5 2.4 Raycasting in the BCC and FCC grids

When performing GPU accelerated raycasting in a regular CC grid, the hardware can implicitly reconstruct the signal linearly by simply setting the proper texture filtering mode. This form of interpolation which is implemented on all recent GPUs, is called trilinear interpolation. Graphic cards are designed to minimize the cost of the eight texture lookups required, making it nearly as fast as a nearest neighbor lookup on most hardware [4]. The trilinear lookup is however only directly usable for CC data. For data not arranged in this structure, like the case with BCC and FCC, a custom reconstruction algorithm has to be used. For such custom algorithms, using several nearest neighbor lookups per sample is often nessecary.
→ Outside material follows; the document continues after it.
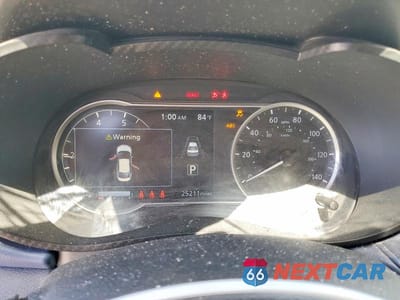 Zdjęcie 9 z 12 samochodu: 2024 NISSAN VERSA SV VIN:3N1CN8EV9RL861729 - miniatura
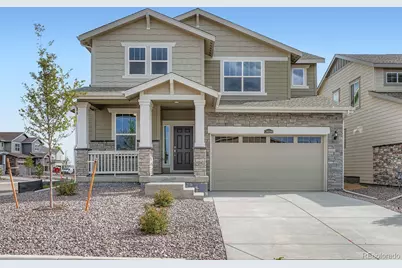 28694 E 7th Avenue, Watkins, CO 80137 - Photo 1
2.5 Reconstruction algorithms

For the module developed in this thesis, two reconstruction algorithms are selected for implementation. The DC-spline algorithm by B. Domonkos et al. in [5] for BCC and FCC, and the linear box spline for BCC by B. Finkbeiner et al. in [6], later extended in [7]. Both methods are designed for implementation on the GPU. The DC-spline method uses the fact that trilinear texture lookups are accelerated and shows good performance despite requiring five trilinear texture lookups. The linear box spline uses non-interpolated lookups but requires only four of them. The render- ing quality of the two filters is compared by Domonkos et al. in [8] and is concluded to be quite similar. Both methods promise acceptable performance, image quality and do not require the data to be pre-processed to interpolate. The higher order variants that exists for both methods are not implemented due to the constraint of performance. While a box spline method for the FCC grid has been presented in [9] by M. Kim et al., it is more computationally expensive and is not designed for the GPU. It is therefore not chosen for implementation.

2.6 Voreen’s architecture

Voreen divides the process of turning a volumetric data set into an image into mul- tiple simpler processing stages. The tasks in these stages are performed by pluggable components called processors. The user connects processors by linking their inputs and outputs together. The resulting graph of connected processors is called a net- work. Components within a network starts processing when their output is required by another processor.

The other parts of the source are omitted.